We were especially bugged by the question of when the jetty was built. We thought we had the answer when Peter Johnson of the St Kilda Historical Society came up with a document that showed that in 1884 Fred Brooke had applied for a permit to build a boatshed at the site. We assumed, because of its name, that the jetty was also built by Fred, probably around that time. We included that “fact” in the first version of The Story of Brookes Jetty, which we defiantly attached to the railing on the drain. It seemed plausible, but we were guessing. We were wrong.
A bigger error was a mistake of the imagination, of the way we thought about the jetty. We thought of it as the wooden structure that had been demolished: the bit built out from the end of the concrete drain. In our minds that was the jetty. And that was what Parks Victoria,and the Council, and everyone else thought was the jetty. So, when that structure was demolished, everyone accepted that the jetty was gone.
We had another fixed idea: that the jetty had been built as a jetty. You can see how easy it was to make that mistake. What else could it have been built as?
There was, in our minds, a clear distinction between the jetty and the drain. After the demolition, we would talk of meeting ‘down at the drain’ not down at the jetty, because the jetty was gone and the drain was all that was there. At the same time, referring to the site of the jetty as the drain was uncomfortable. It diminished our memorialising. And curiously,meeting down at the drain for the bashes had a residual sense of meeting on the jetty. Our terminology wavered. What we didn’t realise was that our ambivalence reflected an underlying reality.
Once again, it was Peter Johnson who found in the Public Records Office an 1897 plan of the major drain that entered the water next to Brookes boatshed (which we now knew was spelt with an ‘e’). The wooden-sided drain was open all the way down Shakespeare Grove.Where it extended into the water for some distance, it formed a breakwater but was still open on top. Peter explained that the plan led him to believe the jetty was built in two sections: the first section was created somewhere between 1909 and 1911 when planking was laid over the section of the drain where it extended into the water, thus creating a de facto jetty. The second section was the later extension from the end of that. This seems to have been added in stages after 1910.
A number of photos show people crowded on a wooden jetty that reaches all the way back to the beach, confirming that the jetty was extended straight out from the original drain outlet. I have posted some photos and plans on our Facebook page, if you wish to look at them.

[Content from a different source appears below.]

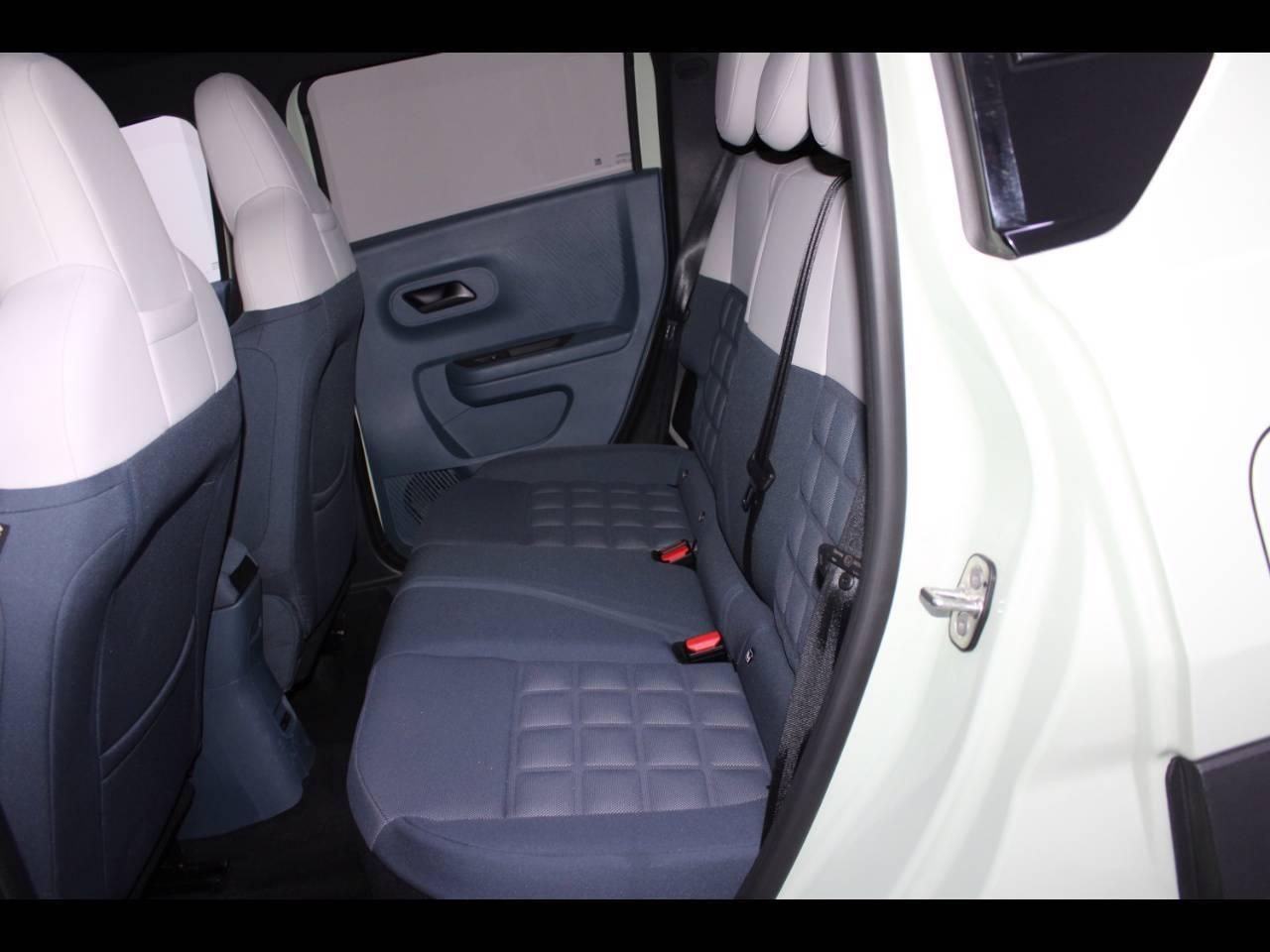 Fiat fiat grande panda usata 6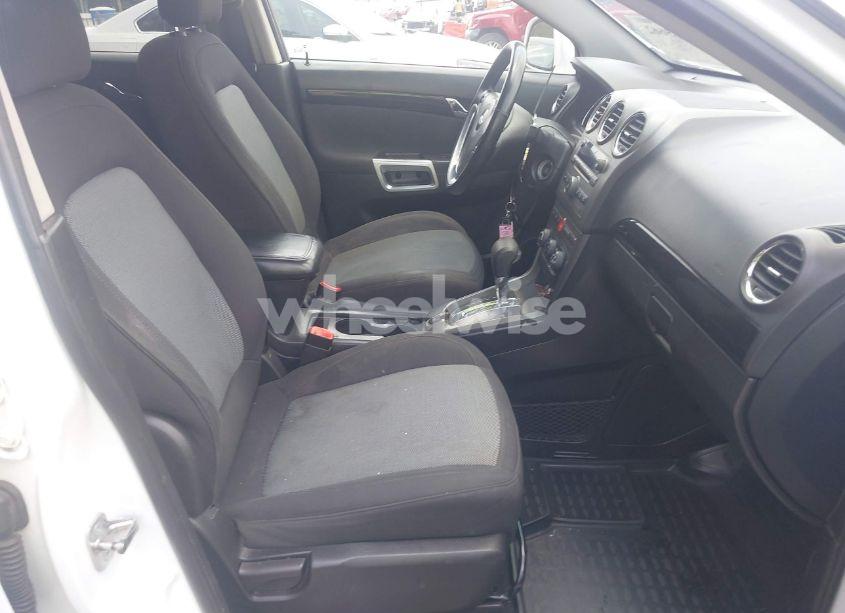 Photo 5 of 2013 Chevrolet Captiva SPORT 2LS (VIN 3GNAL2EK5DS636307)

Peter thinks that the original work was largely paid for by the Department of Works with contributions from the Foreshore Committee, St Kilda Council and Dinghy Club. The combined responsibility is a precedent for the restoration.
In about 1933, the open drain down Shakespeare Grove was covered over and replaced by concrete, but clearly not the section that constituted the jetty, which remained wooden until at least 1945 (as can be seen in a photo). We don’t yet know when the concrete outlet we see today was constructed. But, given that we have been told that the concrete of the drain is now coming to the end of its lifespan of about 40 years, the boxed outlet may not have been concreted until as late as the 1970s.
Historically, the jetty and the drain are one composite structure. It was first built as a drain,and became a jetty when planking was laid on top. This was then extended. You see the consequence? If the outlet from the drain is the jetty, and the drain is still there, then the jetty—or at least a substantial part of it—is still there.
The work of a local historian has brought the jetty back to life.
It has taken the rest of us some time to digest this information, so attached were we (and to some degree are still) to the idea of the jetty as only the wooden extension and the concrete stump as something quite different.
But we now know this: Parks Victoria failed in consigning Brookes Jetty to the past; they only got rid of part of it. Furthermore, the remaining part of the jetty did not and does not come under their control but under the control of Melbourne Water. Melbourne Water is the proud inheritor of all the structures and the history of its predecessor, the Melbourne &Metropolitan Board of Works, which probably commissioned the original works. The jetty was not, as Parks claimed, built to facilitate the “port function” it conveniently declared obsolete, but as a promenade on top of the drain. The idiosyncratic narrowness of the wooden section was simply a consequence of its origin.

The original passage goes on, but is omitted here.